%\VignetteIndexEntry{Working with Unknown Values}
%\VignettePackage{gdata}
%\VignetteKeywords{unknown, missing, manip}

\documentclass[a4paper]{report}
\usepackage{Rnews}
\usepackage[round]{natbib}
\bibliographystyle{abbrvnat}

\usepackage{Sweave}
\SweaveOpts{strip.white=all, keep.source=TRUE}
\SweaveOpts{concordance=TRUE}

\begin{document}

\begin{article}

\title{Working with Unknown Values}
\subtitle{The \pkg{gdata} package}
\author{by Gregor Gorjanc}

\maketitle

This vignette has been published as \cite{Gorjanc}.

\section{Introduction}

Unknown or missing values can be represented in various ways. For example
SAS uses \code{.}~(dot), while \R{} uses \code{NA}, which we can read as
Not Available. When we import data into \R{}, say via \code{read.table} or
its derivatives, conversion of blank fields to \code{NA} (according to
\code{read.table} help) is done for \code{logical}, \code{integer},
\code{numeric} and \code{complex} classes. Additionally, the
\code{na.strings} argument can be used to specify values that should also
be converted to \code{NA}. Inversely, there is an argument \code{na} in
\code{write.table} and its derivatives to define value that will replace
\code{NA} in exported data. There are also other ways to import/export data
into \R{} as described in the {\emph R Data Import/Export} manual
\citep{RImportExportManual}.  However, all approaches lack the possibility
to define unknown value(s) for some particular column. It is possible that
an unknown value in one column is a valid value in another column. For
example, I have seen many datasets where values such as 0, -9, 999 and
specific dates are used as column specific unknown values.

This note describes a set of functions in package \pkg{gdata}\footnote{
  package version 2.3.1} \citep{WarnesGdata}: \code{isUnknown},
\code{unknownToNA} and \code{NAToUnknown}, which can help with testing for
unknown values and conversions between unknown values and \code{NA}. All
three functions are generic (S3) and were tested (at the time of writing)
to work with: \code{integer}, \code{numeric}, \code{character},
\code{factor}, \code{Date}, \code{POSIXct}, \code{POSIXlt}, \code{list},
\code{data.frame} and \code{matrix} classes.

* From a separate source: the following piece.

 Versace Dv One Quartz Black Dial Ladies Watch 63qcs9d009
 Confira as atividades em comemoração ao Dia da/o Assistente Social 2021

\section{Description with examples}

The following examples show simple usage of these functions on
\code{numeric} and \code{factor} classes, where value \code{0} (beside
\code{NA}) should be treated as an unknown value:

<<ex01>>=
library("gdata")
xNum <- c(0, 6, 0, 7, 8, 9, NA)
isUnknown(x=xNum)
@

The default unknown value in \code{isUnknown} is \code{NA}, which means
that output is the same as \code{is.na} --- at least for atomic
classes. However, we can pass the argument \code{unknown} to define which
values should be treated as unknown:

<<ex02>>=
isUnknown(x=xNum, unknown=0)
@

This skipped \code{NA}, but we can get the expected answer after
appropriately adding \code{NA} into the argument \code{unknown}:

<<ex03>>=
isUnknown(x=xNum, unknown=c(0, NA))
@

Now, we can change all unknown values to \code{NA} with \code{unknownToNA}.
There is clearly no need to add \code{NA} here. This step is very handy
after importing data from an external source, where many different unknown
values might be used. Argument \code{warning=TRUE} can be used, if there is
a need to be warned about ``original'' \code{NA}s:

<<ex04>>=
(xNum2 <- unknownToNA(x=xNum, unknown=0))
@

Prior to export from \R{}, we might want to change unknown values
(\code{NA} in \R{}) to some other value. Function \code{NAToUnknown} can be
used for this:

<<ex05>>=
NAToUnknown(x=xNum2, unknown=999)
@

Converting \code{NA} to a value that already exists in \code{x} issues an
error, but \code{force=TRUE} can be used to overcome this if needed. But be
warned that there is no way back from this step:

<<ex06>>=
NAToUnknown(x=xNum2, unknown=7, force=TRUE)
@

Examples below show all peculiarities with class \code{factor}.
\code{unknownToNA} removes \code{unknown} value from levels and inversely
\code{NAToUnknown} adds it with a warning. Additionally, \code{"NA"} is
properly distinguished from \code{NA}. It can also be seen that the
argument \code{unknown} in functions \code{isUnknown} and
\code{unknownToNA} need not match the class of \code{x} (otherwise factor
should be used) as the test is internally done with \code{\%in\%}, which
nicely resolves coercing issues.

<<ex07>>=
(xFac <- factor(c(0, "BA", "RA", "BA", NA, "NA")))
isUnknown(x=xFac)
isUnknown(x=xFac, unknown=0)
isUnknown(x=xFac, unknown=c(0, NA))
isUnknown(x=xFac, unknown=c(0, "NA"))
isUnknown(x=xFac, unknown=c(0, "NA", NA))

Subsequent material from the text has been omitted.